It’s been noted on this page and elsewhere that today is the 50th anniversary of the March on Washington and Martin Luther King Jr.’s “I Have a Dream” speech, which has joined the pantheon of great American oratory alongside Abraham Lincoln’s Gettysburg Address and Franklin Roosevelt’s first inaugural speech.

Though the power of King’s words and the breathtaking mastery of their delivery are well understood and appreciated today, it wasn’t always so. The Washington Post has admitted that it, to an extent, blew the story a half-century ago by placing King’s speech farther down in a wrap-up story on the March on Washington. In 1963, the Observer-Reporter consisted of the morning Observer and the evening Reporter, and, in the rally’s aftermath, the Reporter made do with an aerial photo from the wire on an inside page of the throngs at the Lincoln Memorial. The front page of the newspaper was dominated by dispatches from a mine blast in Utah – placement that was understandable given the prominence of the coal industry in this region 50 years ago.

We had considered printing the entire text, or, at least, lengthy excerpts of King’s “I Have a Dream” speech on this page today, in the same way that we have rerun the Declaration of Independence or the “Yes, Virginia, There is a Santa Claus” editorial that appeared in The New York Sun in 1897. However, there’s one notable difference between the Declaration of Independence, “Yes, Virginia…” and the “I Have a Dream” speech – the first two are in the public domain, and can be used by anyone for any purpose, while the text of King’s speech has been placed under copyright control by King’s family. It will not arrive in the public domain until 2038, 75 years after the speech and 70 years after King’s death.

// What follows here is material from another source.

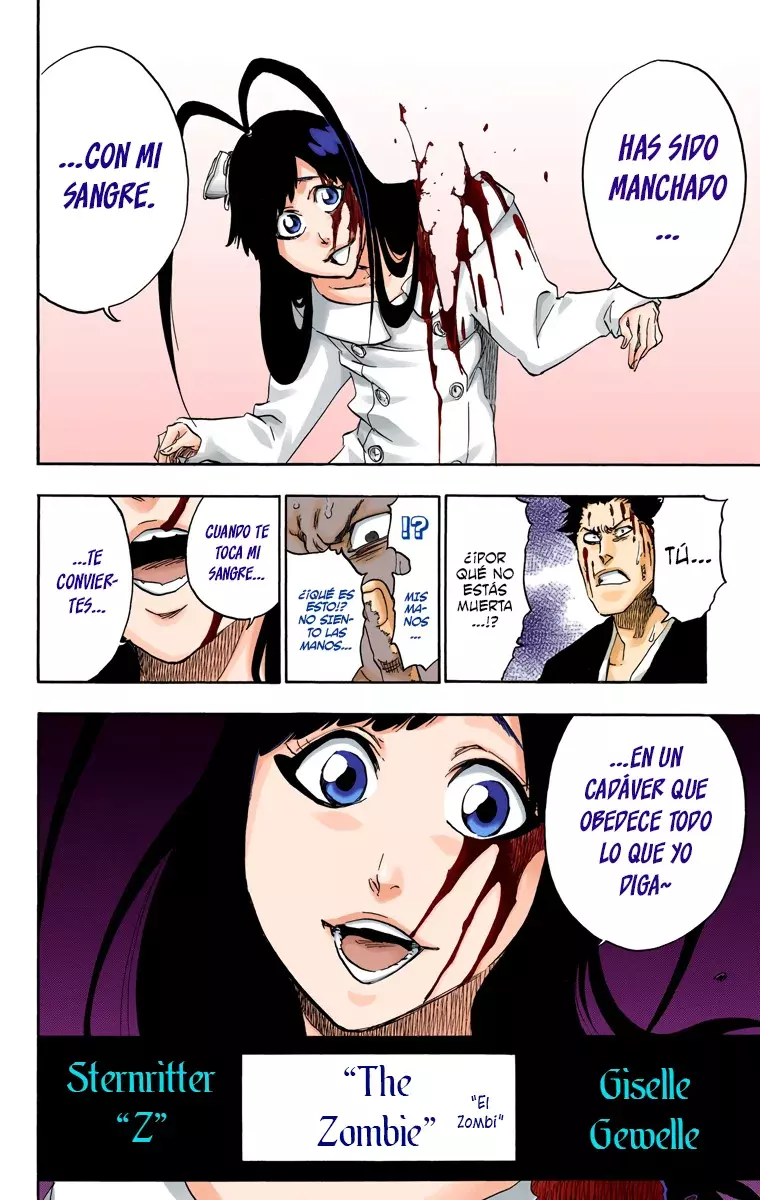 Bleach Full Color - Capítulo 580 - Página 15 - LectorTMOo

As the magazine Mother Jones noted ruefully last week, that speech, with its soaring “Free at last!” coda “is not free, alas.”

The fact that the speech, in its entirety, is not available for use by anyone and everyone has become a sore point among many educators and historians, who say it should be readily available, free of charge. That King’s heirs have licensed its use in advertisements for Mercedes-Benz and Cingular Wireless has also raised the ire of many of King’s admirers and former colleagues.

Thankfully, however, American copyright law also contains the Fair Use Doctrine, which allows some quotations to be used from a work to illustrate certain points or comment upon it. That being the case, we can appreciate the poetry of King’s hope that “with this faith, we will be able to hew out of the mountain of despair a stone of hope. With this faith, we will be able to transform the jangling discords of our nation into a beautiful symphony of brotherhood.

“With this faith, we will be able to work together, to pray together, to struggle together, to go to jail together, to stand up for freedom together, knowing that we will be free one day … And so even though we face the difficulties of today and tomorrow, I still have a dream. It is a dream deeply rooted in the American dream.”

The world of 2013 is as different from 1963, in many respects, as 1963 was from 1913. King’s words still retain their inspirational power, nonetheless, and that will almost certainly remain the case in 2063.